About 3,500 feet (1,000 meters) below the Pacific Ocean, off the coast of Australia, there lies Zealandia, the lost eight continent that has long fascinated scientists since it was identified in 2017.
Now, researchers from New Zealand were able to map the submerged landmass in impressive detail, offering a more accurate image of the submerged continent than we’ve ever seen.
The researchers from GNS Science mapped the shape and size of the continent in unprecedented detail, making the maps available to everyone on an interactive website. They mapped the bathymetry surrounding Zealandia, the shape and depth of the ocean floor, as well as its tectonic profile, illustrating where the continent falls across the limits of tectonic plates.

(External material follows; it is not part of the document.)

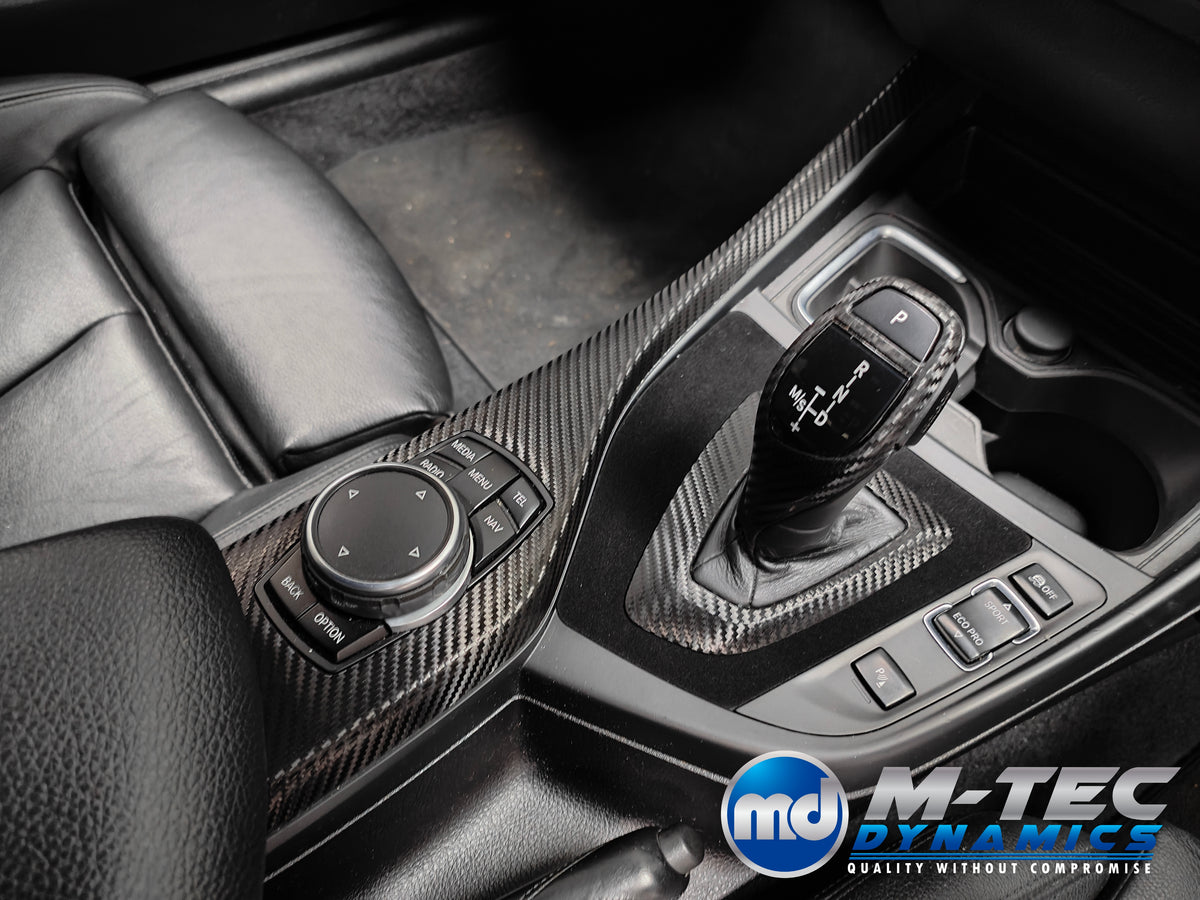 WRAPPING SERVICE - BMW F2X INTERIOR TRIM SET - PERFORMANCE STYLE / TEXTURED CARBON- F20 F21 F22 F23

The maps revealed brand new information on how Zealandia formed before it became submerged underwater millions of years ago. The area is has a surface of some two million square miles (five million square kilometers), which is half the size of Australia. But only 6% of it is above sea level, which underpins the north of New Zealand, and the rest is underwater.
“We’ve made these maps to provide an accurate, complete and up-to-date picture of the geology of the New Zealand and southwest Pacific area – better than we have had before,” lead author of the maps, geologist Nick Mortimer, said in a statement. “Their value is that they provide a fresh context in which to explain and understand the setting of New Zealand’s volcanoes, plate boundary and sedimentary basins.”

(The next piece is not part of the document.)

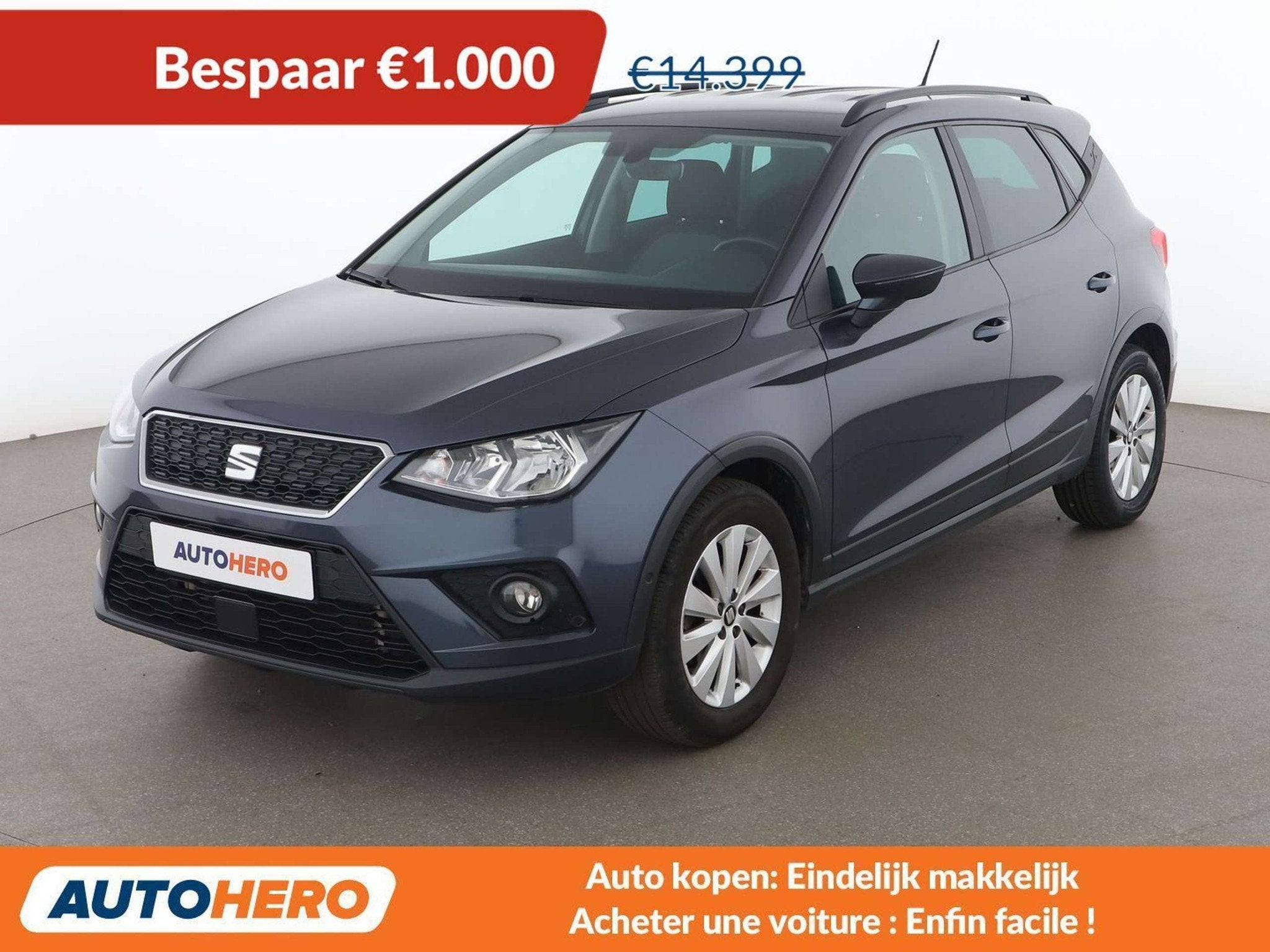 SEAT Arona 1.0 TSI Style (bj 2020, automaat), Auto's, Stof, Gebruikt, Overige brandstoffen, SUV of Terreinwagen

Mortimer and his team mapped both Zealandia and the submerged continent to raise awareness about it, but also to better understand the continent. The bathymetric map (below) shows how high the continent’s mountains and ridge rise toward the water’s surface. It also shows coastlines, territorial limits, and the names of major undersea features. The map is part of an initiative to map all the ocean floor of the planet by 2030.
A second map done by the team (below) shows the types of crust that make up Zealandia, the age of the crust, and the major faults. The continental crust, which is Earth’s older and thickest crust, can be seen in the map in red, orange, yellow, and brown. Meanwhile, the oceanic crust can be seen in blue. The volcanoes are illustrated with red triangles.
A recently discovered continent
Geophysicist Bruce Luyendyk came up with the moniker Zealandia in 1995. Speaking to Business Insider, he said he didn’t intend to describe a new continent. Instead, the term originally referred to New Zealand and a group of submerged pieces of crust that separated from the ancient supercontinent Gondwana about 85 million years ago.
“The reason I came up with this term is out of convenience,” Luyendyk said. “They’re pieces of the same thing when you look at Gondwana. So I thought, ‘Why do you keep naming this collection of pieces as different things?’”
Gondwana was formed when Earth’s ancient supercontinent, Pangea, split into two fragments. Laurasia was transformed into North America, Asia, and Europe, while Gondwana became Africa, South America, Australia, and Antarctica. But land masses continued to be rearranged afterward, with Zealandia breaking off Gondwana.
Zealandia was classified as a “microcontinent,” as the island of Madagascar, until 2017. But according to Mortimer, it has all the requirements to be classified as a continent. It has defined boundaries, it occupies an area of over one million square kilometers and is elected above the ocean crust.
The new maps offer more evidence Zealandia should be considered the eighth continent, Mortimer added. “If we could pull the plug on the world’s oceans, it would be quite clear that Zealandia stands out,” he told Science News in 2017, adding, “If it wasn’t for the ocean level, long ago we’d have recognized Zealandia for what it was — a continent.”